Short web captions »
● ● ● ● ●
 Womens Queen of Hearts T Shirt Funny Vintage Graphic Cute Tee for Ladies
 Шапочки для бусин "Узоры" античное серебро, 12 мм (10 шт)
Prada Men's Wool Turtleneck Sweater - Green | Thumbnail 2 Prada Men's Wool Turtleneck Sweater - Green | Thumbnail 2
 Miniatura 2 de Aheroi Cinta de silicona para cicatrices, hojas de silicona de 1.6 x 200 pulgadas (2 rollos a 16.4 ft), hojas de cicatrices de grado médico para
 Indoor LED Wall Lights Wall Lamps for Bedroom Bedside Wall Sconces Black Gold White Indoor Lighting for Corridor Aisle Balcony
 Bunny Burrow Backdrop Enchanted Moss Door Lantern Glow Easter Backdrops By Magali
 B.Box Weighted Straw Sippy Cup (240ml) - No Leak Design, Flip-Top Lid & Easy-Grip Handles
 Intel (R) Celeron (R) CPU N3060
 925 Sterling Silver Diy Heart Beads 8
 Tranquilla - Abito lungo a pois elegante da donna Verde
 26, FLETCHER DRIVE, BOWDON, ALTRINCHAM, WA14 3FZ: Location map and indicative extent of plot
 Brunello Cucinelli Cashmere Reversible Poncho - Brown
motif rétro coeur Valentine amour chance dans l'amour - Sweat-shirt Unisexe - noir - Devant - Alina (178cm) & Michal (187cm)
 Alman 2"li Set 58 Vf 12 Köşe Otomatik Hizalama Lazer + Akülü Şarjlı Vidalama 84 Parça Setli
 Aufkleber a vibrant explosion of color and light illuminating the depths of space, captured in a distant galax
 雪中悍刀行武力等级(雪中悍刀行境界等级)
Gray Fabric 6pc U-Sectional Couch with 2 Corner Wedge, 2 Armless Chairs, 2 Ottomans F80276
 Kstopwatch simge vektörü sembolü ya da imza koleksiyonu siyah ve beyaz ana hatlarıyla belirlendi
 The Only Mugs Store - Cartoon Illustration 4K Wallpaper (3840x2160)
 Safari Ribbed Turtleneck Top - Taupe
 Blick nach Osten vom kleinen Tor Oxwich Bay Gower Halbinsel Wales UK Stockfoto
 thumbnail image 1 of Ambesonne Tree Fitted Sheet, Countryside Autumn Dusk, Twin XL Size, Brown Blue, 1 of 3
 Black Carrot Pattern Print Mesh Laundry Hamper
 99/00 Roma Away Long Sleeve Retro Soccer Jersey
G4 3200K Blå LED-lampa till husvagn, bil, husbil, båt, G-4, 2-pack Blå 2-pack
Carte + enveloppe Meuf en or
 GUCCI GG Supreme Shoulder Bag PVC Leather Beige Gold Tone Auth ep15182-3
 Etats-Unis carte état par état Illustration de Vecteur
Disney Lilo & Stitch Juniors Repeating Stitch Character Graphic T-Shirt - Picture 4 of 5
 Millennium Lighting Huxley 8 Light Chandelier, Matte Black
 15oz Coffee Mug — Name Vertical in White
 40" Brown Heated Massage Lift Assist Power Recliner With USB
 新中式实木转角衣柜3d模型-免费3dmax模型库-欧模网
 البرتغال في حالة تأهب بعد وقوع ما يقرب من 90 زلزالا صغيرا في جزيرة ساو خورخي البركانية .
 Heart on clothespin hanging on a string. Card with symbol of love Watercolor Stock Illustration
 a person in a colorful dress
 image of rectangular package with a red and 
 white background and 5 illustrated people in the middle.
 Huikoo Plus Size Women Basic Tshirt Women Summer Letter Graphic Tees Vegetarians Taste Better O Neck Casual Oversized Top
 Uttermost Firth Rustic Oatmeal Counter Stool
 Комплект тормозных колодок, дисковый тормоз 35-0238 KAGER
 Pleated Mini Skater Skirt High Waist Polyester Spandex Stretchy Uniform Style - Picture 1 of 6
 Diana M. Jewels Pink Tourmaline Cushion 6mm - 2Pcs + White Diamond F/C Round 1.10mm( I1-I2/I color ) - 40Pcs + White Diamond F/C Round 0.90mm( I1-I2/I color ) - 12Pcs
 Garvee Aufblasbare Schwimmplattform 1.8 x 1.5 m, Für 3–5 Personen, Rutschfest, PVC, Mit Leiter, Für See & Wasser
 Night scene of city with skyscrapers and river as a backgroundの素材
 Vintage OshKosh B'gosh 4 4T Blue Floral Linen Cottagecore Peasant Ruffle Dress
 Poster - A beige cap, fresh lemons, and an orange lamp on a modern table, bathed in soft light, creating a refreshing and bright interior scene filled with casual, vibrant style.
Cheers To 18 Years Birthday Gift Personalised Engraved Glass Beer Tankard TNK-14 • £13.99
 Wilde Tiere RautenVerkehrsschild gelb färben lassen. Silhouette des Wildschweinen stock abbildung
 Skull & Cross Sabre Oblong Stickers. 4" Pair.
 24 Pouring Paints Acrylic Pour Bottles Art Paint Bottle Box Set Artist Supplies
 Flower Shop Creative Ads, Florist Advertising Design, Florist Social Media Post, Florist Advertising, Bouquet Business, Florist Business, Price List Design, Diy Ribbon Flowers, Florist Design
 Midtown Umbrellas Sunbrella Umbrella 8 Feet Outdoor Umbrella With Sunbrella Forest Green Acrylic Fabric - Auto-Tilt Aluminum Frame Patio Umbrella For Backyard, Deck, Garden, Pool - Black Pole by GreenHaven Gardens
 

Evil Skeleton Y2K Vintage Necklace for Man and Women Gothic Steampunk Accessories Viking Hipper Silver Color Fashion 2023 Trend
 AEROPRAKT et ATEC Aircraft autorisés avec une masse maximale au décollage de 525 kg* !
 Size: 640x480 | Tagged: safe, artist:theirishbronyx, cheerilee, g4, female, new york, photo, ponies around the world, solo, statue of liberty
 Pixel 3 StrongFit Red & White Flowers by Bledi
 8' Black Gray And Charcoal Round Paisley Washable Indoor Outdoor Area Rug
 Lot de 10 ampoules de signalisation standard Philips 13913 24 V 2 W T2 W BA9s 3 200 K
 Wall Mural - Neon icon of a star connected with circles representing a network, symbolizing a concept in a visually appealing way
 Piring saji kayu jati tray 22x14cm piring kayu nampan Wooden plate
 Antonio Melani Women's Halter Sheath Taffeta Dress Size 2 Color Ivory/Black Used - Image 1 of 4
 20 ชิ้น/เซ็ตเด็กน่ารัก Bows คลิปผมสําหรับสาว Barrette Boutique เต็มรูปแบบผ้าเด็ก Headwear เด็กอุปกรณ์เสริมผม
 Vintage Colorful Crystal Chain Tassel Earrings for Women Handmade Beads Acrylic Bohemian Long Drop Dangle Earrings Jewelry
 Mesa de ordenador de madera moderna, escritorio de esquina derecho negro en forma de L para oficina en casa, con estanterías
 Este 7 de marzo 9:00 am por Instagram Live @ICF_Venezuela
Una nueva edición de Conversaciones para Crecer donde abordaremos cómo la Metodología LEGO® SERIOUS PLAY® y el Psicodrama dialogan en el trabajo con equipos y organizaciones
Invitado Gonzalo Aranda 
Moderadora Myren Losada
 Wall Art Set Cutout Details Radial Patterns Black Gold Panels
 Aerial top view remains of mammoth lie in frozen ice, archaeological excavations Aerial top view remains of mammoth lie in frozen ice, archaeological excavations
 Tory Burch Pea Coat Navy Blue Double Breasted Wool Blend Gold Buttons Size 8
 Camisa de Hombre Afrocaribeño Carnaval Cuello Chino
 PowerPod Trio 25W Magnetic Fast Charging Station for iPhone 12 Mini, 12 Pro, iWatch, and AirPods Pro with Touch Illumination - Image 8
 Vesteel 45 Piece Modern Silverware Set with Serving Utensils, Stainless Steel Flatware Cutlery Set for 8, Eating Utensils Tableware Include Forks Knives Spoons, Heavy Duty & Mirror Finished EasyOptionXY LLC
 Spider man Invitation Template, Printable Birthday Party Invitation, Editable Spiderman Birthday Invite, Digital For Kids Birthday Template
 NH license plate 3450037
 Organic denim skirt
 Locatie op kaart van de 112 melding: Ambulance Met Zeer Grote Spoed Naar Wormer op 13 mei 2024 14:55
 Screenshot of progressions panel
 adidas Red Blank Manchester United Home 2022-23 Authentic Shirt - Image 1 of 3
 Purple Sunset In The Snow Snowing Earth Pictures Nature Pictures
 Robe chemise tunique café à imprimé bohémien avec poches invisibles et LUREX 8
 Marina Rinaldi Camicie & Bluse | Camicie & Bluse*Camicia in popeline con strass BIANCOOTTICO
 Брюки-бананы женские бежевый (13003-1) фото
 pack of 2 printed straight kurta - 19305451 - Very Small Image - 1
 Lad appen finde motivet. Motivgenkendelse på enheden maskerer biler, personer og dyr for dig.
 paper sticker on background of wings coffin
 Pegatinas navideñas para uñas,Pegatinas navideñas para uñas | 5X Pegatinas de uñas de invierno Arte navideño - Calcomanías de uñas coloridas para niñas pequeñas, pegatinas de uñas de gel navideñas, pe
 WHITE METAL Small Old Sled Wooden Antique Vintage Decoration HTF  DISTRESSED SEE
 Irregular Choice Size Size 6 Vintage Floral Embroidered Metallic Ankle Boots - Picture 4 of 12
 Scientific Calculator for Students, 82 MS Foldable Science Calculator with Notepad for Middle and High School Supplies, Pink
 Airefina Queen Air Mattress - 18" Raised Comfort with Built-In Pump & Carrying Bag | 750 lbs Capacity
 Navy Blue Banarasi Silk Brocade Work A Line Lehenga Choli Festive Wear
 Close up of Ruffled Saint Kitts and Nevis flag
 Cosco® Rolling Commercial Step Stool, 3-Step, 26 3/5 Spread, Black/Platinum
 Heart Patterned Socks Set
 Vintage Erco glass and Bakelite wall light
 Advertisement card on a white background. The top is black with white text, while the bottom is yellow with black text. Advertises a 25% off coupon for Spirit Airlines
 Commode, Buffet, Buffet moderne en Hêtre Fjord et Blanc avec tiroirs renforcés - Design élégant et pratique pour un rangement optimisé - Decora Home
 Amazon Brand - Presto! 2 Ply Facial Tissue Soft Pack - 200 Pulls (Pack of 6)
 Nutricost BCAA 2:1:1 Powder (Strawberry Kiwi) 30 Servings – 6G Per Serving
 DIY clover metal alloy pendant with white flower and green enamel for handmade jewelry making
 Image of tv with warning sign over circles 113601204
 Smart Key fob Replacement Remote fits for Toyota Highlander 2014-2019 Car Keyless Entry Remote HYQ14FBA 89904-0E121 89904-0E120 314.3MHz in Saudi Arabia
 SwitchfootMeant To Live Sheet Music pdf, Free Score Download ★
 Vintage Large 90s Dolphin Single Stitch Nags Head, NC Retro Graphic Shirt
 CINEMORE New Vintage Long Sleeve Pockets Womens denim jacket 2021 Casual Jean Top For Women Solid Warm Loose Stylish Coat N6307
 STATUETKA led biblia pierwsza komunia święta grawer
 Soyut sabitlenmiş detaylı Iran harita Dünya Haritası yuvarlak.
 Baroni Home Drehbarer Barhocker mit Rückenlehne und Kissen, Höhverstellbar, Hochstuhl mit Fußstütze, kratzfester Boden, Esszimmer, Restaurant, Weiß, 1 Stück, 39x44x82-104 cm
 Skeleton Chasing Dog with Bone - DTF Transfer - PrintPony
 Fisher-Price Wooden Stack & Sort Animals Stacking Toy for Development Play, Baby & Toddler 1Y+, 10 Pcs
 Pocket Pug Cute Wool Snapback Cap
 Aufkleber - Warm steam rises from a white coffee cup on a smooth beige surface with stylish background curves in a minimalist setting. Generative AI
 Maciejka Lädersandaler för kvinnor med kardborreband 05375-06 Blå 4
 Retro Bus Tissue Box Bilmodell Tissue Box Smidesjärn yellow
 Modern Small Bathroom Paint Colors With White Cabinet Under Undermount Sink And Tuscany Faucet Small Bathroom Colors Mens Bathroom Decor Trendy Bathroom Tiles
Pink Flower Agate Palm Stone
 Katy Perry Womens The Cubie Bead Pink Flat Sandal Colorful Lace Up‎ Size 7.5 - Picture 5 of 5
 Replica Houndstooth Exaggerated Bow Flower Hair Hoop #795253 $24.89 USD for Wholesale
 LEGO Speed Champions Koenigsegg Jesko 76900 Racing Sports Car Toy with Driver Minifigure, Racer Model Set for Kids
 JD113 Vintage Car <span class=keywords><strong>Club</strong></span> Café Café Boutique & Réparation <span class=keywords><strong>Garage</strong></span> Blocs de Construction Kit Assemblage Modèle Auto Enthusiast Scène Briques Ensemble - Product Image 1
● ● ● ● ●
Reproduce, word for word, the lines of the data from the one that contains "STATUETKA led biblia" to the end, both ends included.

Task solution »
 STATUETKA led biblia pierwsza komunia święta grawer
 Soyut sabitlenmiş detaylı Iran harita Dünya Haritası yuvarlak.
 Baroni Home Drehbarer Barhocker mit Rückenlehne und Kissen, Höhverstellbar, Hochstuhl mit Fußstütze, kratzfester Boden, Esszimmer, Restaurant, Weiß, 1 Stück, 39x44x82-104 cm
 Skeleton Chasing Dog with Bone - DTF Transfer - PrintPony
 Fisher-Price Wooden Stack & Sort Animals Stacking Toy for Development Play, Baby & Toddler 1Y+, 10 Pcs
 Pocket Pug Cute Wool Snapback Cap
 Aufkleber - Warm steam rises from a white coffee cup on a smooth beige surface with stylish background curves in a minimalist setting. Generative AI
 Maciejka Lädersandaler för kvinnor med kardborreband 05375-06 Blå 4
 Retro Bus Tissue Box Bilmodell Tissue Box Smidesjärn yellow
 Modern Small Bathroom Paint Colors With White Cabinet Under Undermount Sink And Tuscany Faucet Small Bathroom Colors Mens Bathroom Decor Trendy Bathroom Tiles
Pink Flower Agate Palm Stone
 Katy Perry Womens The Cubie Bead Pink Flat Sandal Colorful Lace Up‎ Size 7.5 - Picture 5 of 5
 Replica Houndstooth Exaggerated Bow Flower Hair Hoop #795253 $24.89 USD for Wholesale
 LEGO Speed Champions Koenigsegg Jesko 76900 Racing Sports Car Toy with Driver Minifigure, Racer Model Set for Kids
 JD113 Vintage Car <span class=keywords><strong>Club</strong></span> Café Café Boutique & Réparation <span class=keywords><strong>Garage</strong></span> Blocs de Construction Kit Assemblage Modèle Auto Enthusiast Scène Briques Ensemble - Product Image 1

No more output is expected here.